London homeowners should expect to see an average of £31k wiped off the value of their homes in the event of no-deal, says This is Money. KPMG forecasts that a Brexit deal would see the average London price at £453,000, while no-deal would see this reduced to £422,000.
Yael Selfin, chief economist at KPMG UK, told This is Money: “If we see a fall in confidence, as a result of a no-deal Brexit disruption, and a decline in households’ real income due to higher inflation eating into smaller wage rises, that could see house prices in the South East fall by 0.6 per cent this year and by 6.7 per cent in 2020.
“So anyone who bought a home recently will likely find themselves in negative equity at least in the short-term until prices pick up again.”
Homeowners in Northern Ireland would likely see the value of their homes dropping by an average 7.5% if the UK exits the European Union without a deal, found the study.
This year, the UK has already seen the weakest national growth for house prices since 2012. The average UK house price was £230,000 in June, around just £2,000 higher than a year ago, says the Guardian.
London house prices drop 2.9% in 2019
15 August 2019
House prices have dropped in the south of England in 2019, with London performing uniquely poorly, figures from the Office of National Statistics’ (ONS) price index revealed yesterday.
Among the index’s key findings was the report that in London, prices have sunk 2.9% in the year to June. “Average house prices in London have now been falling over the year each month since March 2018,” says the report.
Despite the South’s low growth rate, the UK as a whole saw an increase in property prices of 0.9%. Nationally, the average price of a house was £230,000 - £2,000 higher than the same month last year.
This relatively flat overall performance is the result of large regional differences, with Wales, for example, contrasting London by experiencing a 4.4% hike in property prices.
The BBC reports that in Northern Ireland, house prices “between April and June were 3.5% higher than the same time last year.”
Other areas of growth include the East Midlands, which saw a growth rate of 3.2%, while the West Midlands saw growth of 2.6%.
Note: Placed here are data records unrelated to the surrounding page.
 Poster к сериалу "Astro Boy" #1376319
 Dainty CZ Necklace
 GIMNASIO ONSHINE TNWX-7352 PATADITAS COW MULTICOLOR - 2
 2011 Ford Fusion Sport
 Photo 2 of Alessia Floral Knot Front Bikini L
According to the Guardian, the news marks “the first time that average prices had fallen in all three regions of southern England, covering an area extending from Milton Keynes in the north to Lands End in the west and Dover in the east, since September 2009.”
The paper asked Nick Leeming, the chairman of estate agent Jackson-Stops, if he could pinpoint a cause: “Data makes it clear that continued uncertainty as we creep ever closer to leaving the EU without a deal has caused hesitancy in some areas of the property markets,” Leeming said.
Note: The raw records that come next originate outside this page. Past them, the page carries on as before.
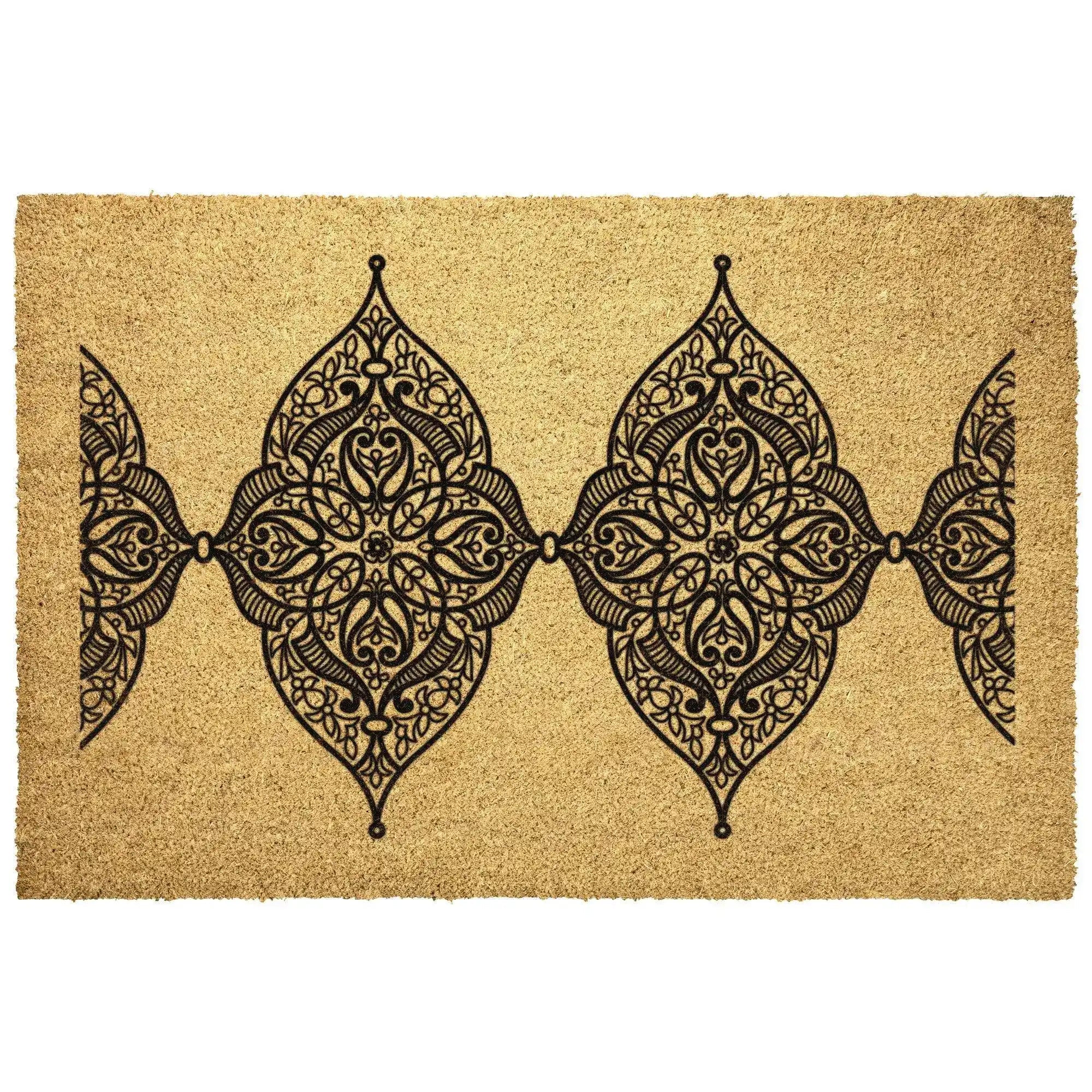 Moroccan Lantern Door Mat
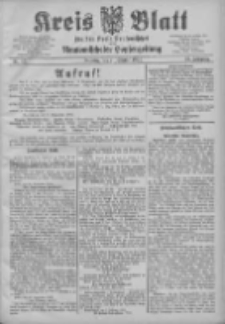 Kreis Blatt f&uuml;r den Kreis Neutomischeler zugleich Hopfenzeitung 1904.10.11 Jg.23 Nr82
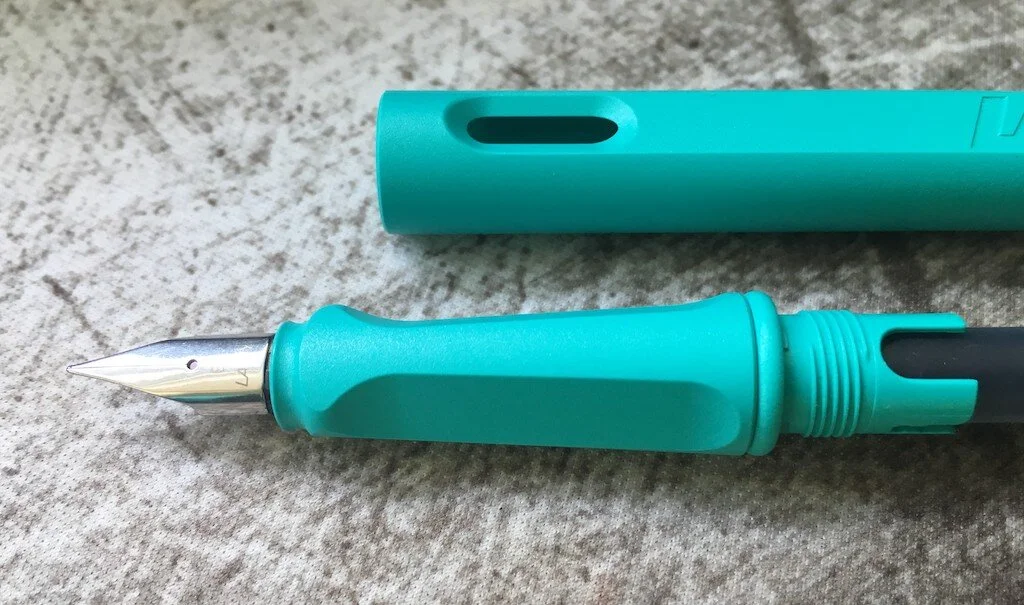 LAMY Safari Candy Series Aquamarine Fountain Pen Review — The Pen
The Financial Times quotes Dilpreet Bhagrath, mortgage expert with online mortgage broker Trussle, who agrees on the source of the issue: “With house prices unchanged from May 2019, the property market still remains stagnant, and with a no-deal Brexit looming, this suggests that would be house-buyers are wary of committing to make the move.”
“With Brexit due to occur on 31 October - and it is currently very unclear what will happen then – we believe that uncertainty will weigh down on the economy over the next few months at least and hamper the housing market,” said Howard Archer, chief economic adviser at the EY Item Club, quoted by the Independent.
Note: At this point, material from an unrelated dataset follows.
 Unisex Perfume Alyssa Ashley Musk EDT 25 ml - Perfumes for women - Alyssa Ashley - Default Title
“Consumers may well be particularly cautious about committing to buying a house, especially as house prices are expensive relative to incomes. Additionally, it looks questionable whether the labour market and earnings growth will sustain their recent strength over the coming months as companies are faced by a soft economy, domestic political and Brexit uncertainties and a challenging global environment. Consequently, we suspect house prices will rise by no more than 1.5 per cent over 2019,” Mr Archer said.
London house prices suffer sharpest fall in decade
1 August 2019
House prices in London have experienced their sharpest fall in a decade as the capital’s property market continues its course correction after two decades of uninterrupted growth.
Figures from the Office for National Statistics showed that property values in London fell by 4.4% in the year to May, their biggest decline since a 7% drop in the year to August 2009, amid a dearth of potential buyers. “The capital bears the brunt of the nationwide torpor in the property market,” says The Guardian.
“London saw a surge in house price growth after the financial crash that saw prices almost double before cracks began to appear in late 2016,” says Sky News. It cites “a consequence of concerns about affordability after the boom and shaky sentiment since the Brexit vote”.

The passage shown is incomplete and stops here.